3D Aim Trainer to Team Fortress 2 sensitivity converter
Convert your 3D Aim Trainer sensitivity to Team Fortress 2 instantly. Same hand motion, perfect muscle memory across both games.
Why 3D Aim Trainer sens doesn't match Team Fortress 2
At 0.4 sens on 800 DPI, 3D Aim Trainer sweeps 129.89 cm across a full 360°. To reproduce that exact arm motion in Team Fortress 2, you need sens 0.4 — about 1.00× your 3D Aim Trainer number. Nothing changed except Team Fortress 2's yaw of 0.022 vs 3D Aim Trainer's 0.022; the centimeters of mouse travel stay the same.
- 3D Aim Trainer · Yaw
- 0.022
- Team Fortress 2 · Yaw
- 0.022
- 3D Aim Trainer · Default FOV
- 103
- Team Fortress 2 · Default FOV
- 90
How to apply the converted sensitivity in Team Fortress 2
Open Team Fortress 2's settings, paste the converted sensitivity into the sens field and keep your 800 DPI if that matches how you play 3D Aim Trainer. Run a 360° check on a practice map: the mouse sweep should cover roughly 129.89 cm on your pad — the same distance as in 3D Aim Trainer. Only start tuning if the sweep feels off, never before the 360° check.
Common mistakes when converting 3D Aim Trainer to Team Fortress 2
- Copying the sens without matching DPI
A converted 3D Aim Trainer-to-Team Fortress 2 number is tied to the DPI you used during conversion. If your Team Fortress 2 mouse profile runs a different DPI, the math no longer holds — use Sens Converter's 'different DPI' toggle instead of eyeballing.
- Trusting eDPI across engines
Matching eDPI between 3D Aim Trainer and Team Fortress 2 does not give matching turn speed, because their yaws are 0.022 and 0.022. Always compare cm/360° (or in/360°), not eDPI, when swapping games.
- Ignoring scoped and ADS overrides
3D Aim Trainer and Team Fortress 2 each apply their own scoped / ADS multiplier on top of the base sensitivity.
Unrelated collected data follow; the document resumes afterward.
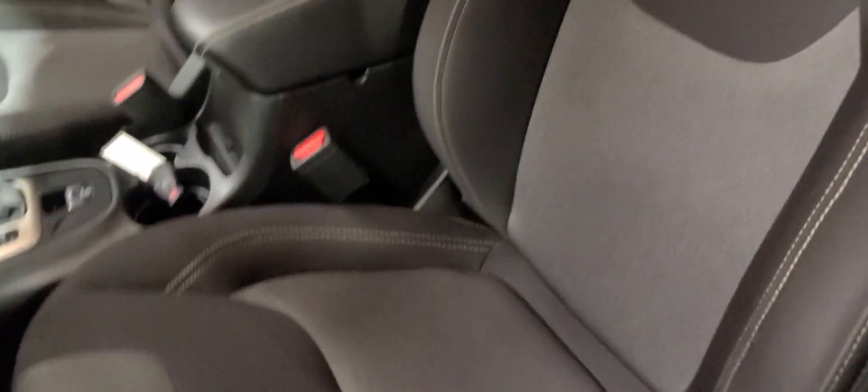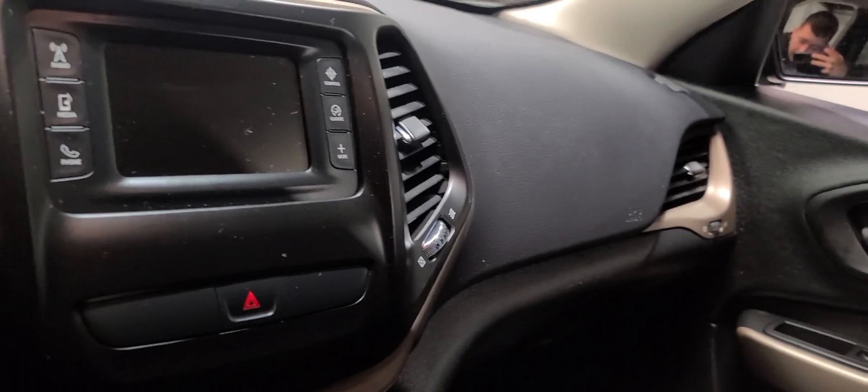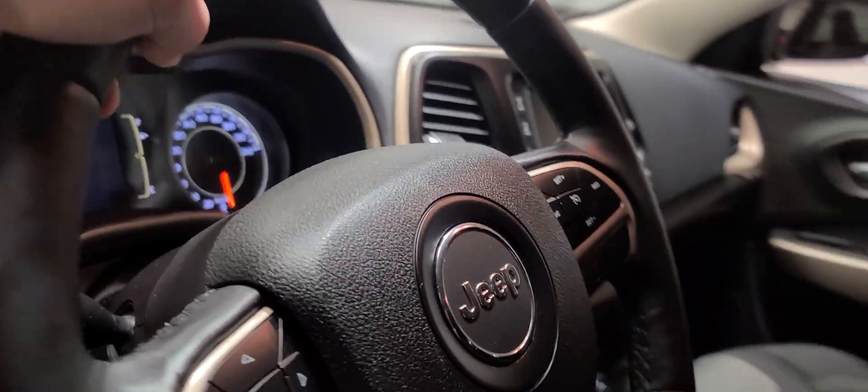Rolling inside, you see the vehicle is equipped with power locks and windows. You also got black fabric interior here — pretty bolstered seats, nice and comfortable. Looking in the center, you got a touchscreen for all your media needs. It does come equipped with a backup camera as well. And just to show you, here are your climate controls. Looking at your steering wheel, you got your cruise control buttons and your Bluetooth buttons here.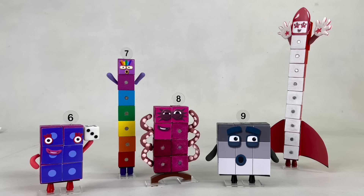So those are Number Blocks 6 to 10 with changeable expressions, movable arms, and numberlings using magnetic cubes. Hit the thumbs up icon and remember to subscribe. Thanks for watching. Bye!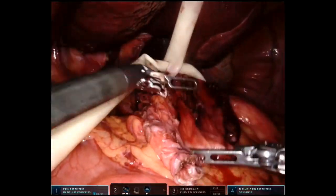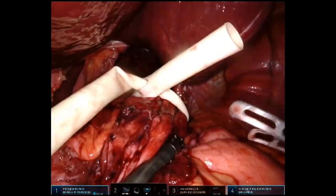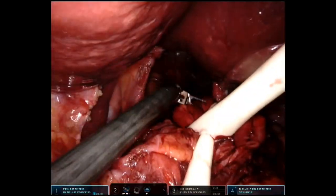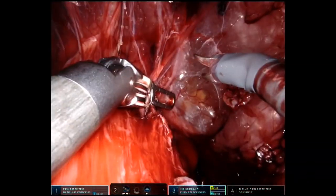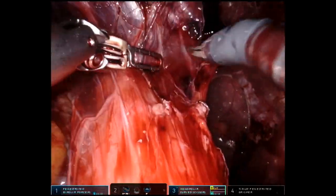That's the hernia sac we're pulling down. Some surgeons take the hernia sac out at the end — I generally do not, unless it's inhibiting a good fundoplication. There's also some further esophageal mobilization anteriorly.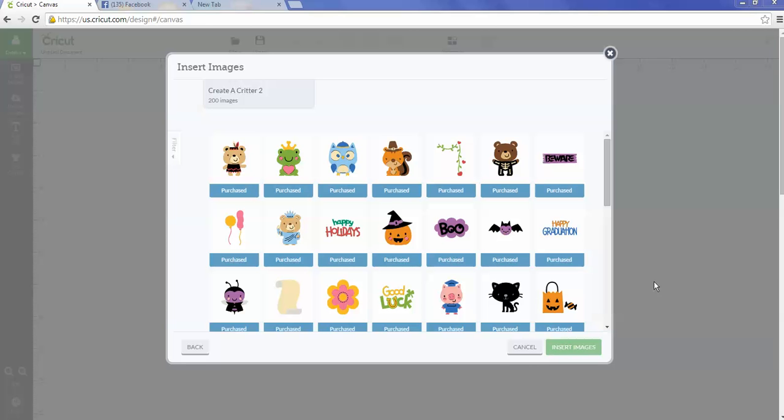Hey everybody, it's Debbie O'Neill of Scrap Me Quick Designs. Today I wanted to show you how to slice a hole in your Cricut images so that you're able to put those EOS lip balms that are becoming really popular right now.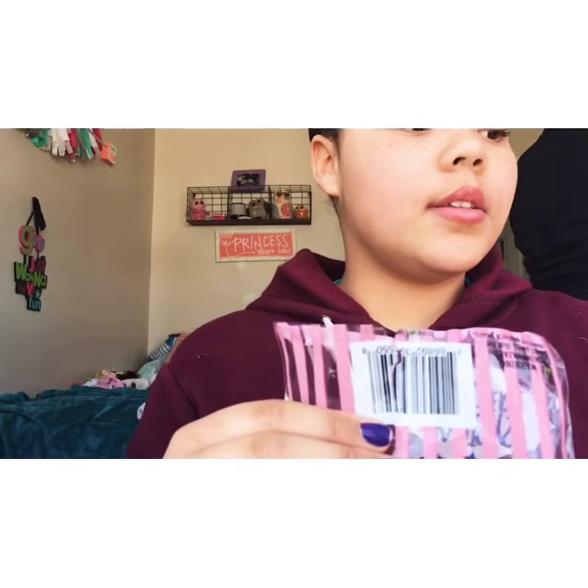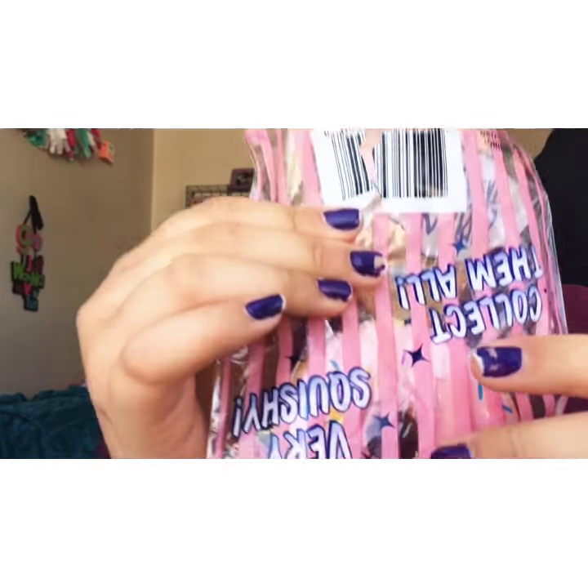The next one is this donut. These two are the same brand — I just forgot what the brand is, so I'll link it in the description box below. Here it is. Let's open it up. It is really soft too. This brand of squishies is like really soft for some reason, they have a really nice soft texture to them.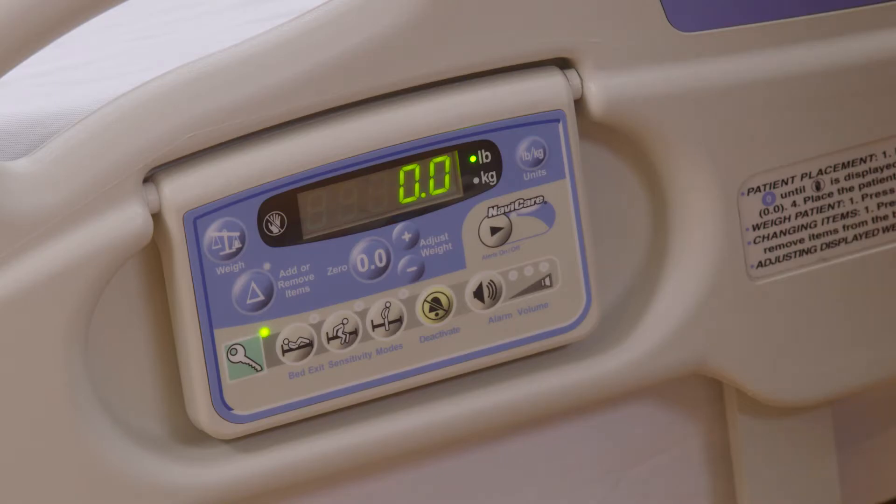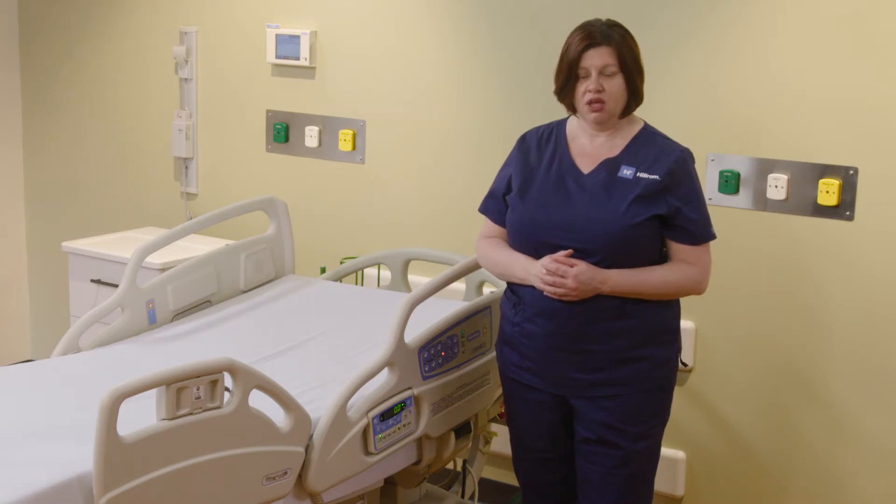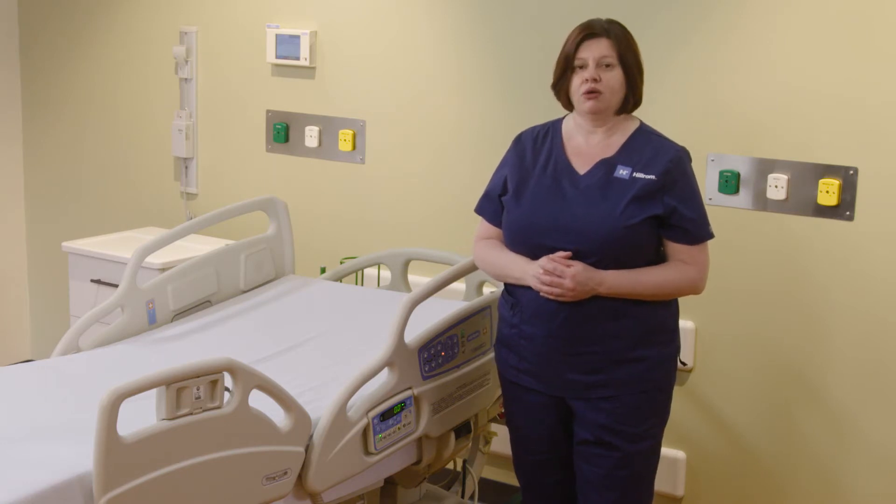When it displays 0.0, your bed is ready for a patient. We will place the patient on the bed and then weigh our patient. Please make sure when you zero the bed and when you weigh your patient, you are following your facility protocols around objects to be on the bed during zeroing and weighing.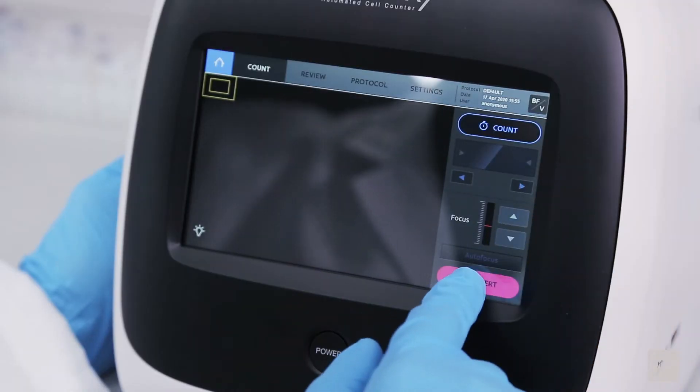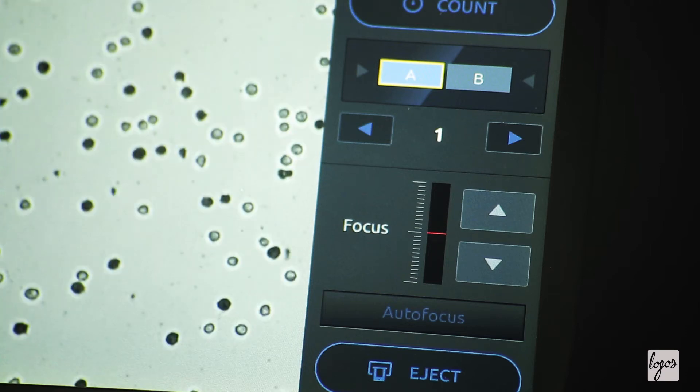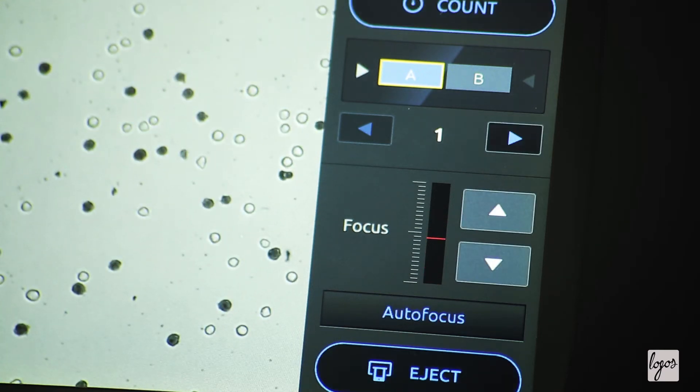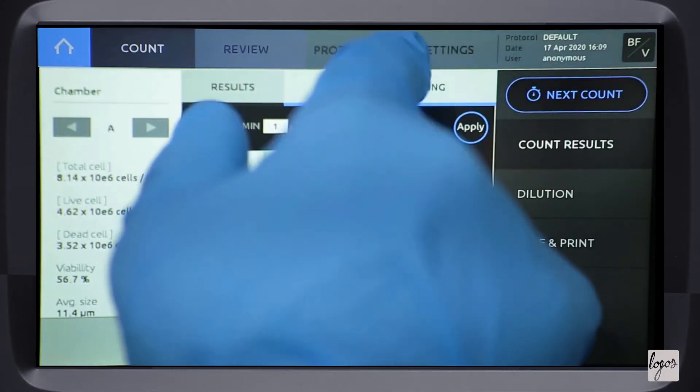Trademarked to all LUNA cell counters, the LUNA FX7 has a highly intuitive user interface that will streamline your workflow. Simply insert the slide and press count without any unnecessarily repeated motions.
Converting the base is step one — confirm the per-zoom multiplier in Team Fortress 2 separately, otherwise scoped aim will feel wrong even with a perfect hipfire match.
3D Aim Trainer → Team Fortress 2 FAQ
Why is my converted Team Fortress 2 sens different from my 3D Aim Trainer number?+
Team Fortress 2 has a yaw of 0.022 compared to 3D Aim Trainer's 0.022. Their ratio is about 1.00×, so Sens Converter multiplies your 3D Aim Trainer sens by that factor to keep cm/360° identical. The raw number looks different, but the arm motion is the same.
Should I keep the same DPI in 3D Aim Trainer and Team Fortress 2?+
Yes, when possible. Keeping DPI identical means only the in-game multiplier changes, which is the cleanest switch. If you run different DPI in Team Fortress 2, enable 'different DPI' in the converter and it absorbs the extra math.
How many decimals should I use in Team Fortress 2?+
Team Fortress 2 accepts at least 3 decimals; 4-6 is common. Sens Converter outputs enough precision that rounding to 3 decimals keeps the 360° error below one millimetre on a typical 800 DPI setup.
Does FOV affect 3D Aim Trainer to Team Fortress 2 conversion?+
For the base sensitivity, no — sens is independent of FOV in both engines. If you use a 0% MonitorDistance or similar scaling mode in either game, convert at the FOV you actually run in-game.